The fan and industry buzz surrounding the World
Baseball Classic, and the economic metrics of the
tournament, are in two very different places.
Others, however, aren’t so sure. Bernie Williams, playing on the Puerto Rican team, publicly acknowledged last week that he’s not physically ready for the tournament. Plenty of other players, including the New York Mets’ Billy Wagner, cited the same concerns as their reason not to play.

And Scott Boras, agent to several key players in the tournament, including Alex Rodriguez and Johnny Damon, said interest would be heightened by a move toward hockey’s model, in which the NHL suspends its season every four years to encourage player participation in the Winter Olympics.

“In effect, the sport has created its own baseball Olympics, a really excellent platform to grow the game,” Boras said. “So why not do this midseason when you have better game conditions [and] players prepared to compete at the absolute highest possible level?”

November was also strongly considered, but Archey said the crowded domestic sports calendar, led by the NFL, provides a significant obstacle.

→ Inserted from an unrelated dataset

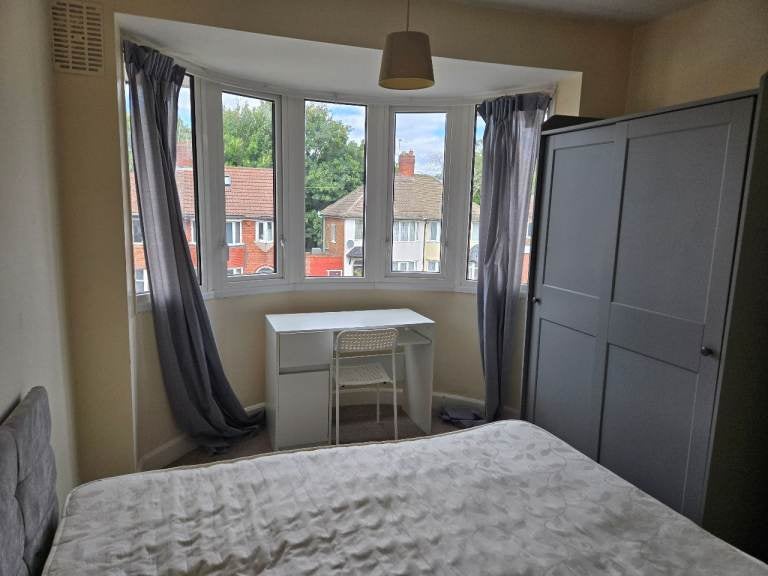 Flat Corisande Road in Birmingham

It’s a somewhat odd stance considering that the international interest generated by the WBC is ultimately far more important than what happens in America. But Archey said minimizing any potential conflicts was critical.

“There’s just a glut of sports in November,” he said, citing pro and college football, the end of the NASCAR season and the start of the NBA season. “It simply wouldn’t have worked from a baseball standpoint.”

The question of domestic viewership, however, is decidedly unsettled. ESPN officials remain tight-lipped about their ratings expectations. But given that just 20 of 39 WBC games will start in U.S. East Coast prime-time windows and just 16 games will reach the primary ESPN or ESPN2 channels, ESPN’s typical cable ratings of 1s and low 2s for its “Sunday Night Baseball” telecasts may prove a somewhat reliable, if ambitious, barometer.

“This is a new thing we’re all trying to figure out, but we’re very hopeful on the WBC,” said John Skipper, ESPN executive vice president of content. “We think this is a big deal, and are treating it as such.”

ESPN has launched an aggressive multimedia campaign to hype the tournament, will devote daily coverage to it on “Baseball Tonight,” and has assigned its top baseball commentators, Jon Miller and Joe Morgan, to call the semifinals and final in San Diego.

In the days leading up to the start of the WBC, a reinvigorated Steinbrenner repeatedly complained to reporters at the Yankees’ spring training complex of the event’s failings, even telling USA Today that the tournament is “bullshit,” and that players will not be insured.

Archey, while declining to respond directly to Steinbrenner’s sentiments, said the insurance comment could not be more false. Rather, MLB and the union have purchased insurance policies on each WBC player’s contract that supplements existing coverage obtained by MLB teams, making insurance the event’s single biggest line-item expense, Archey said.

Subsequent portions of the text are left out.